Du Venezuela on a suivi par YouTube la tentative de débat que le député Jean Luc Mélenchon a eu avec Laurence Debray, sur la situation de notre pays le 30 novembre à la télévision publique française. Il était particulièrement bizarre la façon dont l’ancien candidat à la présidence a monté en colère lorsque l’historienne, dont la famille est vénézuélienne, lui a demandé s’il ne se sentait pas du mauvais côté, en soutenant et en louant les gouvernements de Chavez et de Maduro, après avoir donné quelques exemples des diverses situations que les Vénézuéliens doivent endurer dans leur vie quotidienne.

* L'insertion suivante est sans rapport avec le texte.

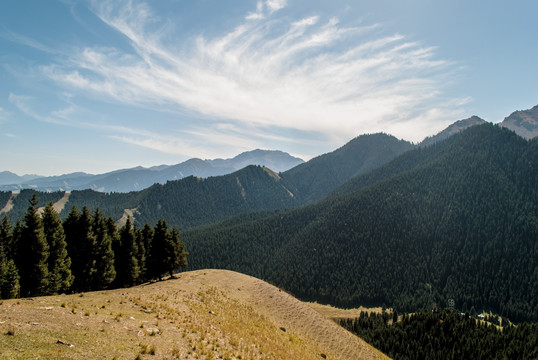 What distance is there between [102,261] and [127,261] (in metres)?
6.06

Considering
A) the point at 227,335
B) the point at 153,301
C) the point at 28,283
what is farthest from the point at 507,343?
the point at 28,283

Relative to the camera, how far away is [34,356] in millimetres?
15656

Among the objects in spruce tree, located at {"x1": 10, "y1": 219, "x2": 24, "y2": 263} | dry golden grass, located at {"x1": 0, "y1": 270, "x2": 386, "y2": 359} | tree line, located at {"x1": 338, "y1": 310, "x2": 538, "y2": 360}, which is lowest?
tree line, located at {"x1": 338, "y1": 310, "x2": 538, "y2": 360}

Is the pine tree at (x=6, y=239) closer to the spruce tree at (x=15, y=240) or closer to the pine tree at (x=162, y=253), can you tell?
the spruce tree at (x=15, y=240)

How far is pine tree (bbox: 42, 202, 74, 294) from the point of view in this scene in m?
45.5

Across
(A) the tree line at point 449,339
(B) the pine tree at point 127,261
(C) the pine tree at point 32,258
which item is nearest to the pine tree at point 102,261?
(B) the pine tree at point 127,261

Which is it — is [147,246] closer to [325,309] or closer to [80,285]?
[80,285]

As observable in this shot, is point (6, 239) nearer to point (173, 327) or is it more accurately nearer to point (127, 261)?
point (127, 261)

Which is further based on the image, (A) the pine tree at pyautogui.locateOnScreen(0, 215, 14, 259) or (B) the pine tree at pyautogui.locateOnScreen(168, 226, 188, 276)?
(B) the pine tree at pyautogui.locateOnScreen(168, 226, 188, 276)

Le politicien français a expliqué qu’il a soutenu le gouvernement de Chávez parce qu’il a supposé comme une politique fondamentale de distribuer le revenu de pétrole dans les programmes sociaux pour les pauvres, au lieu de le garder dans ses propres poches. À quel point M. Mélenchon s’est trompé! Et en tant que Vénézuélien qui vit et souffre dans cette terre, je suis poussé à dire plusieurs choses à ce sujet.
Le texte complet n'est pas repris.